After locating the line containing "Couple sitting near" in the entries below, please write out that line and the rest through the end exactly. Omit pictures.
────────────────────
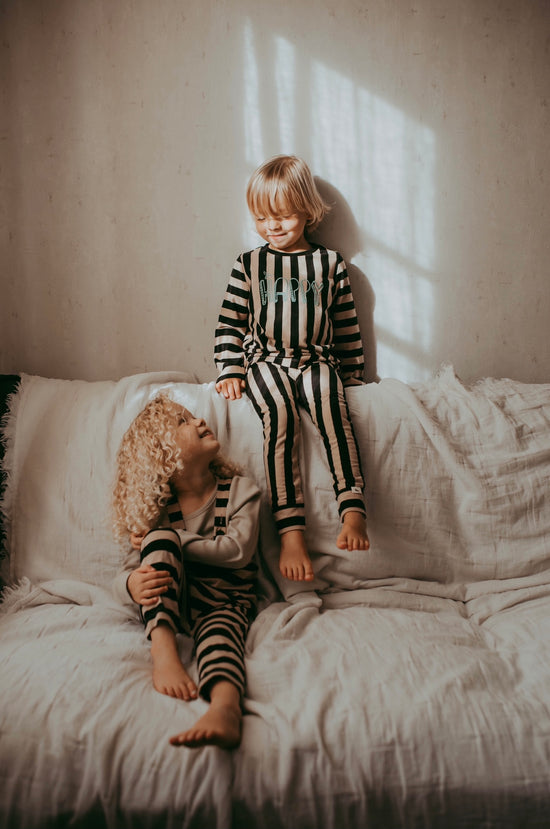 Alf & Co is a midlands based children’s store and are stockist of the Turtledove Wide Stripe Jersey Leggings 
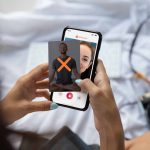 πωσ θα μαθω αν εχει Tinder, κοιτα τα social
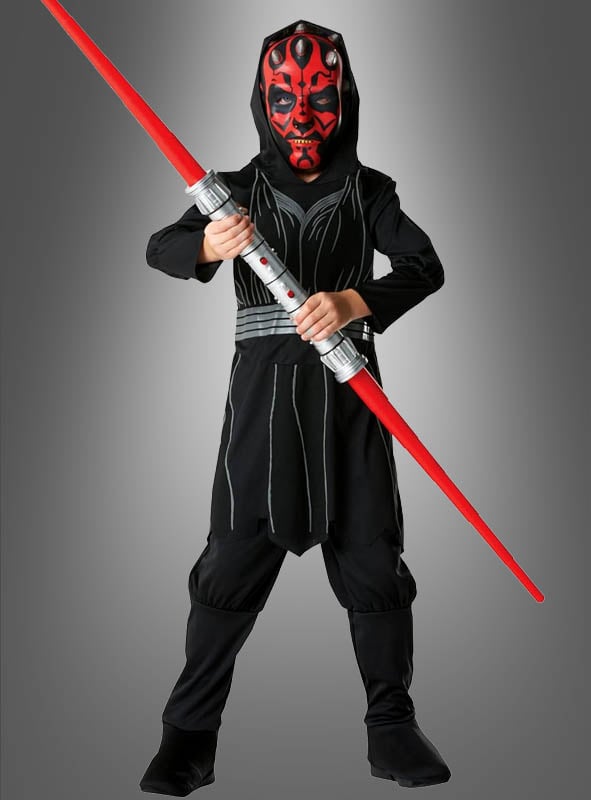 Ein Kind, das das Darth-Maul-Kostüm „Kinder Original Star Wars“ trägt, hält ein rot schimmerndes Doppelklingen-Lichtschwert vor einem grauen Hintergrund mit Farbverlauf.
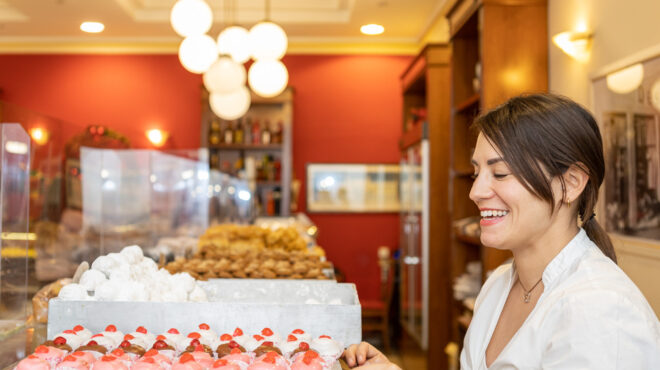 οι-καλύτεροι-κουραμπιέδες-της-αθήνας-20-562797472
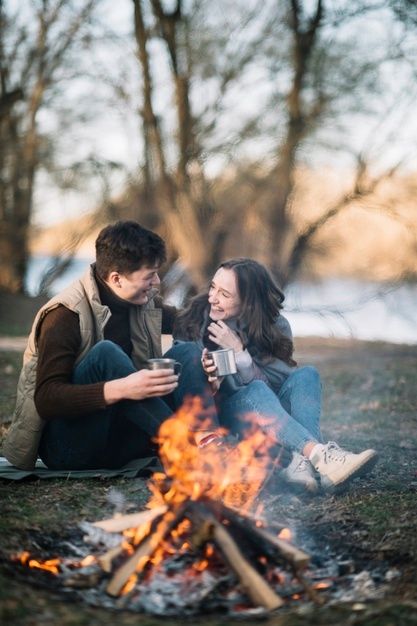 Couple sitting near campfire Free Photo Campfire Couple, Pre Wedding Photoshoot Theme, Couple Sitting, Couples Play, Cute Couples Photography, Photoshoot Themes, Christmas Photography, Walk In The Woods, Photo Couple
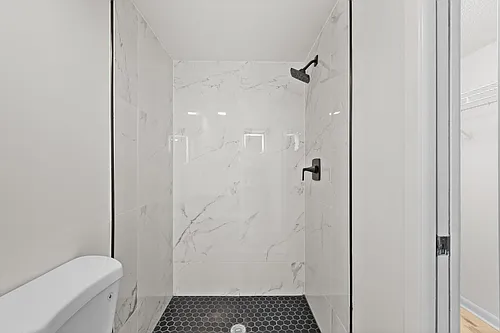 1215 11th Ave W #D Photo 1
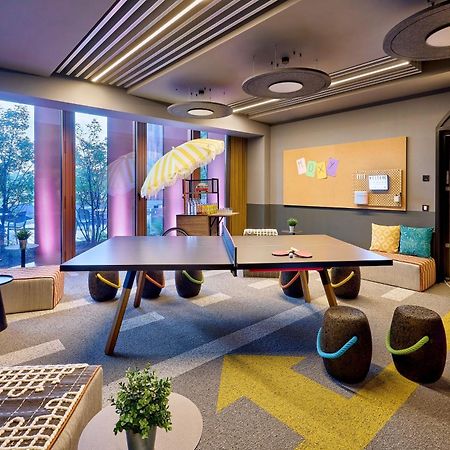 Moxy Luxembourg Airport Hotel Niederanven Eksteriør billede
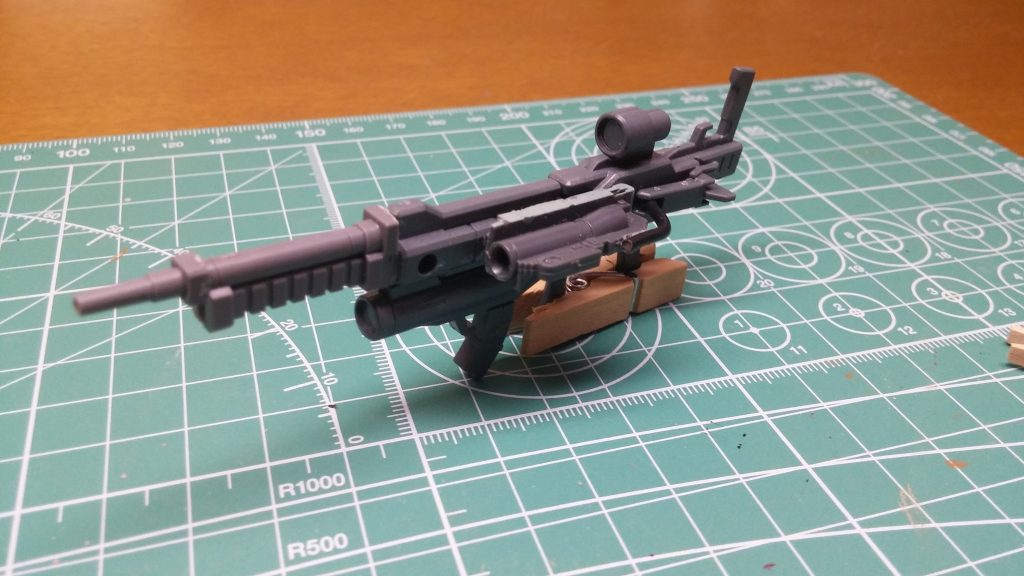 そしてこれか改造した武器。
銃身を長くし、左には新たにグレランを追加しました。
────────────────────
Task solution ::
 Couple sitting near campfire Free Photo Campfire Couple, Pre Wedding Photoshoot Theme, Couple Sitting, Couples Play, Cute Couples Photography, Photoshoot Themes, Christmas Photography, Walk In The Woods, Photo Couple
 1215 11th Ave W #D Photo 1
 Moxy Luxembourg Airport Hotel Niederanven Eksteriør billede
 そしてこれか改造した武器。
銃身を長くし、左には新たにグレランを追加しました。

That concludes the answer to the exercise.